Blog 3: Preface 3-4

Rome's antagonism towards the Reformers, and Calvin in particular, was that what they taught was "new" and "of recent birth." To this charge Calvin responds with evident feeling: "First, by calling it "new" they do great wrong to God, whose Sacred Word does not deserve to be accused of novelty. Indeed, I do not at all doubt that it is new to them, since to them both Christ himself and his gospel are new. But he who knows that this preaching of Paul is ancient, that "Jesus Christ died for our sins and rose again for our justification" [Romans 4:25], will find nothing new among us." For Calvin, an appeal to Scripture is itself an appeal to something ancient! But Calvin's point remains vulnerable to the charge that the Reformers were disregarding church teaching - teaching which had fifteen hundred years precedence.

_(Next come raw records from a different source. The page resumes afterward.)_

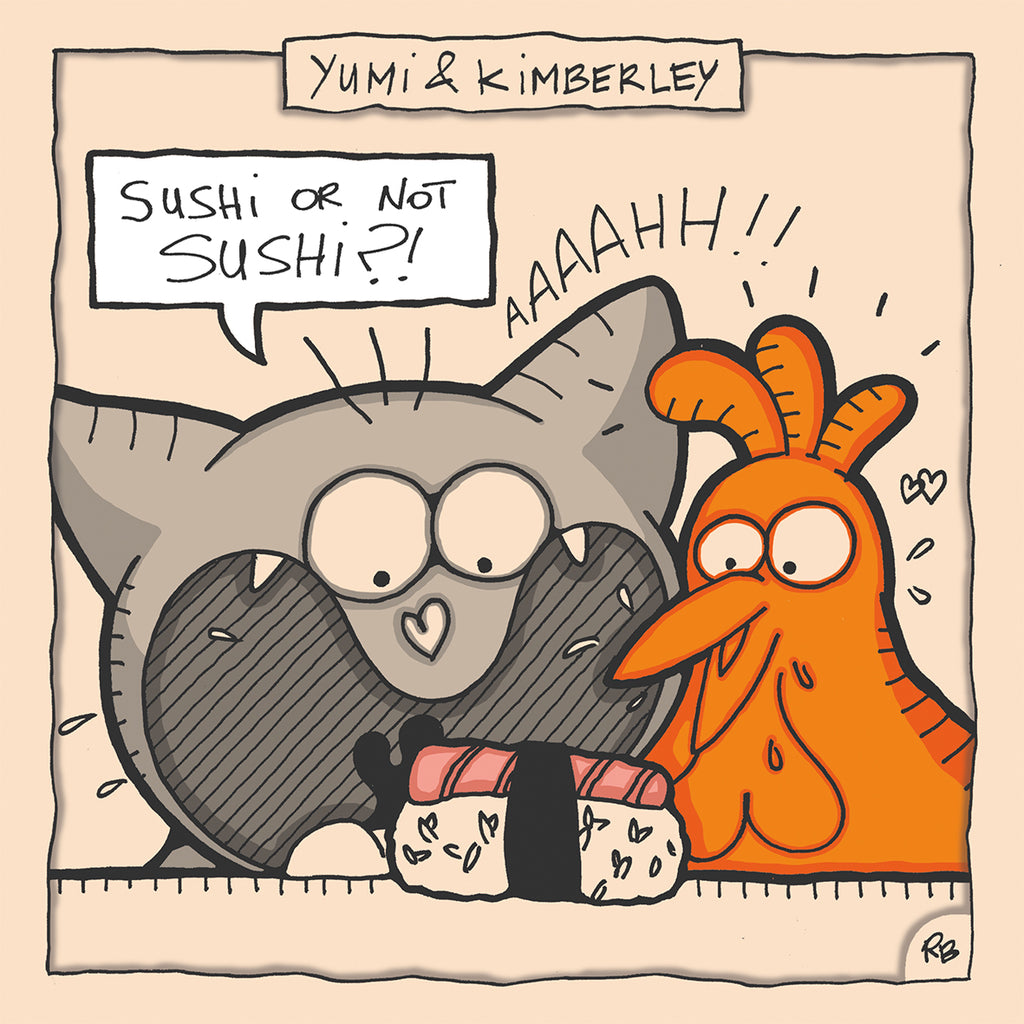 Sushi or Not Sushi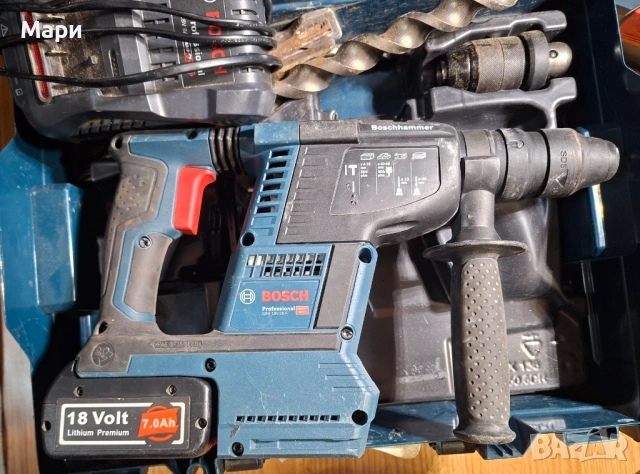 Bosch GBH 18v 26F перфоратор , снимка 3 - Други инструменти - 53316809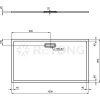 Поддон акр ULTRAFLAT 160х90 прямоуг Ideal Standard T448501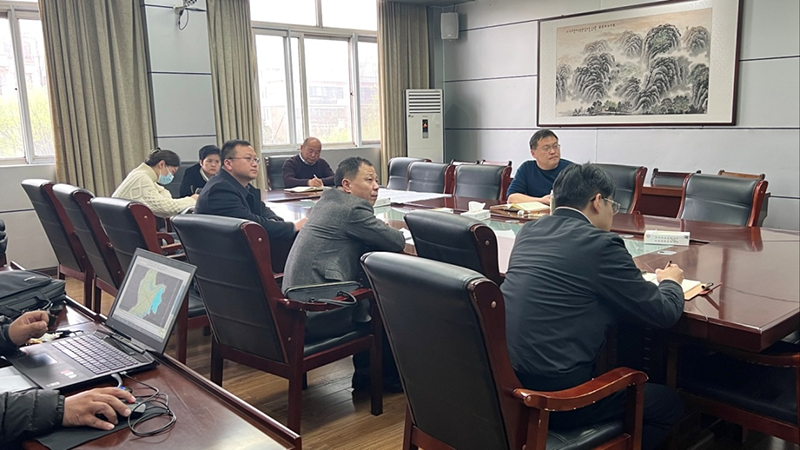 十里長山文化旅游產業(yè)園生態(tài)環(huán)境治理項目協(xié)調會召開
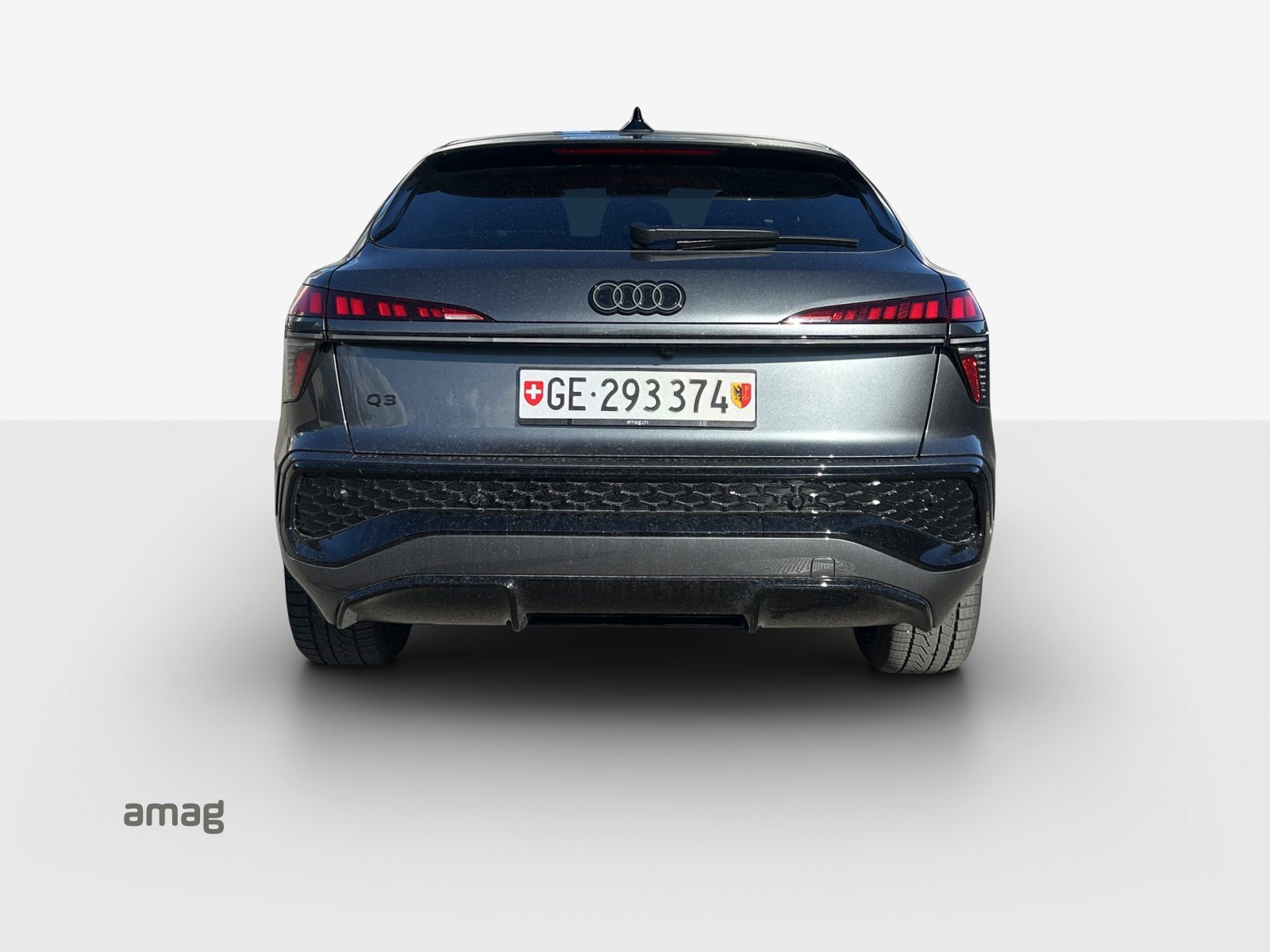 AUDI Q3 SB e-hybrid 200 kW, Voll-Hybrid Benzin/Elektro, Vorführwagen, Automatik - 5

The charge may be brushed aside lightly in an age when modernity is valued above antiquity, but it was a serious and potentially deadly accusation in the mid-sixteenth century. The Reformers did not see themselves as the Anabaptists did in forming a new church. They saw themselves in the line of the ancient church and the early church fathers, and perhaps to a lesser extent, the church of the medieval period.

Calvin was unmoved by the charge - not because he saw the issue as irrelevant but rather because he knew antiquity lay on his side: "If the contest were to be determined by patristic authority, the tide of victory -- to put it very modestly -- would turn to our side." It is almost unimaginable that such a thing could be said of evangelicalism five hundred years later.